#### [Exercise goal]
Down to the last line, set down the listing below exactly, apart from its pictures.

(Information supplied)

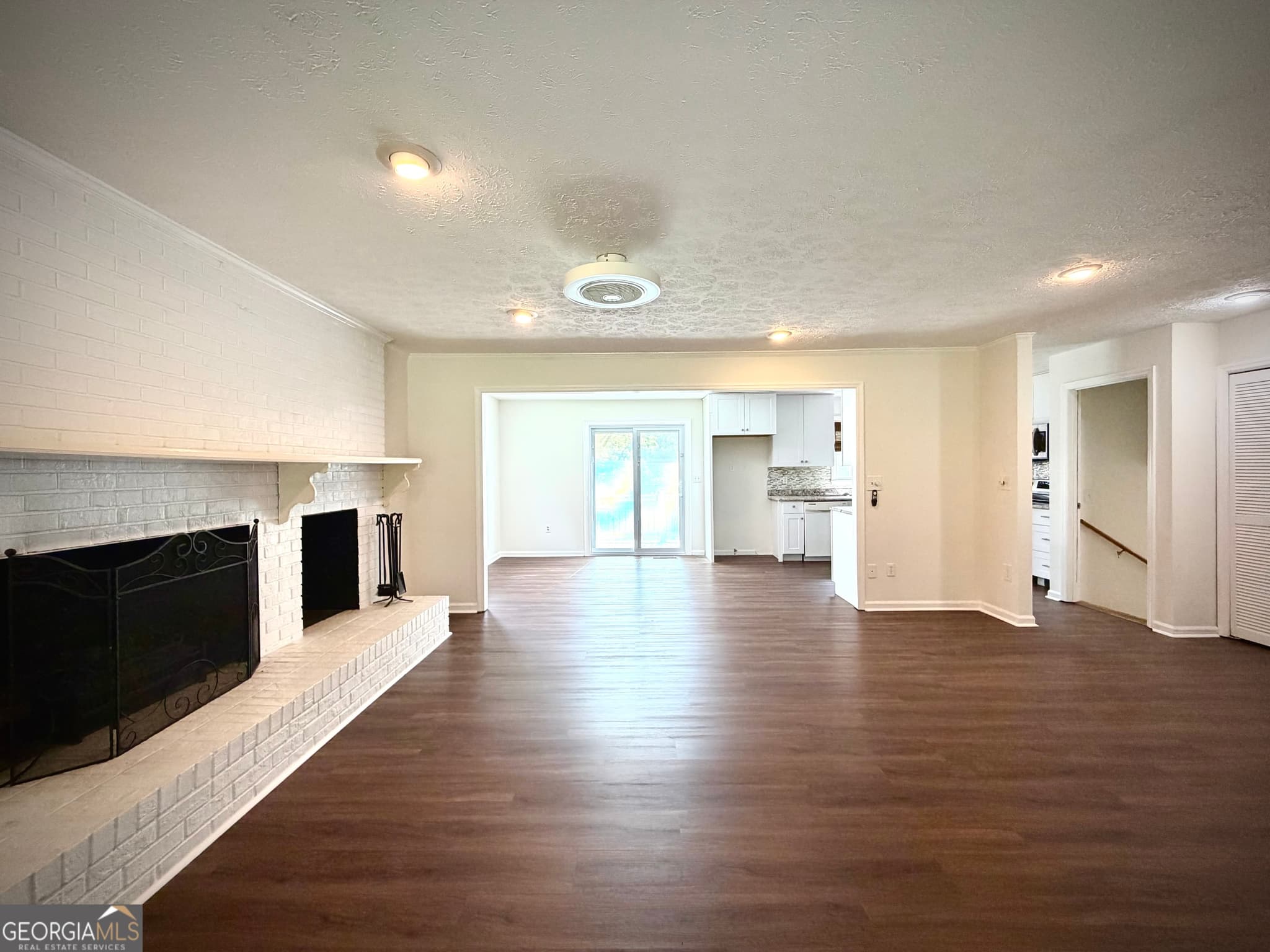 3 bedroom, 2.5 bathroom, 1,920 sq ft single family residence under contract at 840 Tanglewood Drive, Dublin, GA 31021 — photo 6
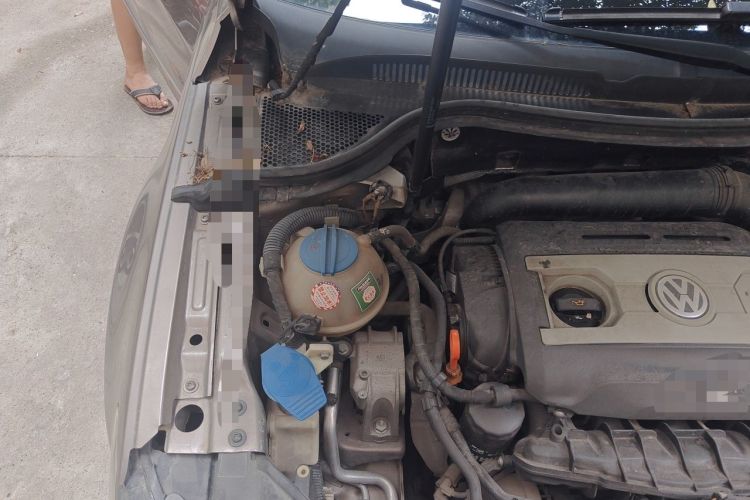 Used Volkswagen FAW-Volkswagen CC 2013 1.8TSI Luxury Model Engine Bay Right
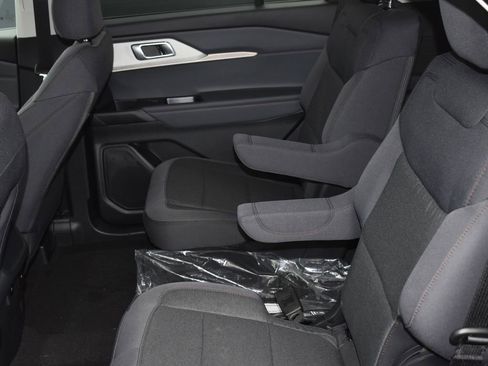 New 2026 Ford Explorer Active image 11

(End Information supplied)

#### [Problem solution]
 3 bedroom, 2.5 bathroom, 1,920 sq ft single family residence under contract at 840 Tanglewood Drive, Dublin, GA 31021 — photo 6
 Used Volkswagen FAW-Volkswagen CC 2013 1.8TSI Luxury Model Engine Bay Right
 New 2026 Ford Explorer Active image 11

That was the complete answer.